Check this out: if a person votes for Ronald McDonald and not Clinton, the vote does not go to Trump, it goes to Ronald McDonald, period.

I will admit, this late in the election, Jill Stein (Green Party), Gary Johnson (Libertarian Party) and Darrell Castle (Constitutionalist Party) have a small chance of winning compared to Clinton and Trump. However, an American can still vote for them.

This election has been largely driven by mainstream media. A recent Harvard study concluded that during the month-long period from the week before the Republican National Convention to the week after the Democratic National Convention, the presidential candidate’s policy has only made up eight percent of media coverage.

Since this is the first election I will participate in, I started researching different issues that mattered to me personally and how the different candidates propose to fix them. After a while, it soon became apparent to me that Stein and I agree on a lot of things and. because of this, she will be receiving my vote this coming November. Guess what? This is how democracy works. You look at the candidates, their policy proposals and their experience, and you vote to best reflect your voice and not anyone else’s.

Statements such as, “Don’t vote third-party” and, “Don’t throw your vote away,” actually silence those who truly want to exercise their right to vote. The statement of, “vote for the lesser of two evils” also does not best convey its intended message.

I characterize this argument as voting for either Lex Luthor or the Joker; both of them are evil in people’s opinions, so what’s the difference between voting for either one of them if they are “evil?”

As a citizen of America, you are guaranteed the right to vote in elections. The right to vote does not have a party requirement, a ideological requirement or even a “lesser of two evils” requirement. It is an individual’s decision based on their beliefs and what issues are most important to them.

Don’t vote for a person just because you think they have the best possible chance of winning. Don’t vote for a person just to prevent their opponent from winning. Vote for a person because you actually want them to win. Vote for them because you believe that they have the best plan to help you out. Vote for them because they best represent your political views.

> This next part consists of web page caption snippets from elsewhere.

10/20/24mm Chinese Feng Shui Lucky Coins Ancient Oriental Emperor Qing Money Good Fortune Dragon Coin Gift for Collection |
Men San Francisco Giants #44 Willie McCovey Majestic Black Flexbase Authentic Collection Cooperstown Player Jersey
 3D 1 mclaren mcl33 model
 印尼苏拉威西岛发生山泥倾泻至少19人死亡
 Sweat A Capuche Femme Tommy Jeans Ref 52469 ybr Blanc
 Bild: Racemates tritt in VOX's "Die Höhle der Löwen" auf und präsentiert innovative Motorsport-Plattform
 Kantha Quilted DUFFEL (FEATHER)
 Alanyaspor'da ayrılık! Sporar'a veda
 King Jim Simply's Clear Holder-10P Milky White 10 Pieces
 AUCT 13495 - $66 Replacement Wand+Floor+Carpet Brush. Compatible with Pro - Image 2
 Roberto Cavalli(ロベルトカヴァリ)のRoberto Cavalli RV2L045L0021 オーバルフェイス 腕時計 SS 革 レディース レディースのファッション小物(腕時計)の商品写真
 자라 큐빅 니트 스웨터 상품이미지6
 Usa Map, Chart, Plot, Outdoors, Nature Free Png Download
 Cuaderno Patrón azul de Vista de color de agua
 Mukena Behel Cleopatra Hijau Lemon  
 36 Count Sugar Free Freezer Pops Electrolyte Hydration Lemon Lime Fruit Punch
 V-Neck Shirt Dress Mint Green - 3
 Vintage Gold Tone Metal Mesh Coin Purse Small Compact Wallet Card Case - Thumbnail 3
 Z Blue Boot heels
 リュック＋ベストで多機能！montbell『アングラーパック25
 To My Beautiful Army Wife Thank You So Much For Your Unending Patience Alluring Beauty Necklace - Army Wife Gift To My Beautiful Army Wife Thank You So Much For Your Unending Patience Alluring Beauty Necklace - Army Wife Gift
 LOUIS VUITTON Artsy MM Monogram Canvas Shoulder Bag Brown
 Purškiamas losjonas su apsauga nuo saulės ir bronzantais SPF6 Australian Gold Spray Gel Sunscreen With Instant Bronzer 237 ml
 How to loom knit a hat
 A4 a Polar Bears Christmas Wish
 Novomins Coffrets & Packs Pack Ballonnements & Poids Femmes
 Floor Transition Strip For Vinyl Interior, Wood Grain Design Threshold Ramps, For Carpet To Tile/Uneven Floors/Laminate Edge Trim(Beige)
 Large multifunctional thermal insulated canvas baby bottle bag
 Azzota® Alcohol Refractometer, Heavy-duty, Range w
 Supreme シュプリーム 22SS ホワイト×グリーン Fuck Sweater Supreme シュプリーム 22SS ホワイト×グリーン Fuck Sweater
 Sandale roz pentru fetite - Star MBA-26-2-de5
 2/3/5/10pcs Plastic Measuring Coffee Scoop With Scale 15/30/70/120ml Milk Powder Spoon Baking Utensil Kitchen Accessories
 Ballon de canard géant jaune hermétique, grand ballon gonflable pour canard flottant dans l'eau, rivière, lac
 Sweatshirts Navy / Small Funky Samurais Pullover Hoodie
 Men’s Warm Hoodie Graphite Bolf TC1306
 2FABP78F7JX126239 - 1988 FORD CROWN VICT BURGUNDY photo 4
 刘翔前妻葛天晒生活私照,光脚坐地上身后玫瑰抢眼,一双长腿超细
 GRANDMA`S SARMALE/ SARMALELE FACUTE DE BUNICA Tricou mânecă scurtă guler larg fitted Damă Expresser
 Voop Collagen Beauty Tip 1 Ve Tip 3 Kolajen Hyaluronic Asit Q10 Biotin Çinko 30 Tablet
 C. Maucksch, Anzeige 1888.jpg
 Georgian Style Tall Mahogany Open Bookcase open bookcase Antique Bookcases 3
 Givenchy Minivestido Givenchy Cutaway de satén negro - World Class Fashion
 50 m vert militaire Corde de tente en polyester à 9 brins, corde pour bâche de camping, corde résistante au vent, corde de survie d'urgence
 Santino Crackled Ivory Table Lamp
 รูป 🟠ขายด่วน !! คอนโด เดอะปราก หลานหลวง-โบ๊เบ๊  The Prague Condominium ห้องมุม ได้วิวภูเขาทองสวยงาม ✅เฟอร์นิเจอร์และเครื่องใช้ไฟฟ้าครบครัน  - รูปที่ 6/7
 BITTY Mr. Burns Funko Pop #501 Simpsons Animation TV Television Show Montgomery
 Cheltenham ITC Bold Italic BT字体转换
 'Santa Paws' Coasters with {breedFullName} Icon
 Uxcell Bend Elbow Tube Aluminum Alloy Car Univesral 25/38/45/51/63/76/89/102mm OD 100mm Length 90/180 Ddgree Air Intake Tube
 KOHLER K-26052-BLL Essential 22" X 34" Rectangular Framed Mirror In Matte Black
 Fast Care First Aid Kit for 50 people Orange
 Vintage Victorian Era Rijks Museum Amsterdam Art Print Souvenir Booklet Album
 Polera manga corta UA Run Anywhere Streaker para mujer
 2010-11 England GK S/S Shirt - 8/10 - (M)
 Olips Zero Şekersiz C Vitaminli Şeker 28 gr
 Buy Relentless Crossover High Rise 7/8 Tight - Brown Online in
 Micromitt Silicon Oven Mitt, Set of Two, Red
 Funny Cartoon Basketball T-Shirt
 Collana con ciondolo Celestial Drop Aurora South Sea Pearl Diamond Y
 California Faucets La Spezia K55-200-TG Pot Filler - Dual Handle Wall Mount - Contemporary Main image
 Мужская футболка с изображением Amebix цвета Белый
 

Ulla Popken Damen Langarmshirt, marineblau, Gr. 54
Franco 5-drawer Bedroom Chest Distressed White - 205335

If you believe that Trump would best represent your political views, vote for him. If you believe that Clinton would best represent your political views, vote for her. If you believe that Stein, Johnson or Castle best represent your political views, vote for them. It’s your right, so use it no matter what other people may tell you.

Robert Dinkins, a Contributing Writer for the Voice, can be reached for comment at RDinkins19@wooster.edu.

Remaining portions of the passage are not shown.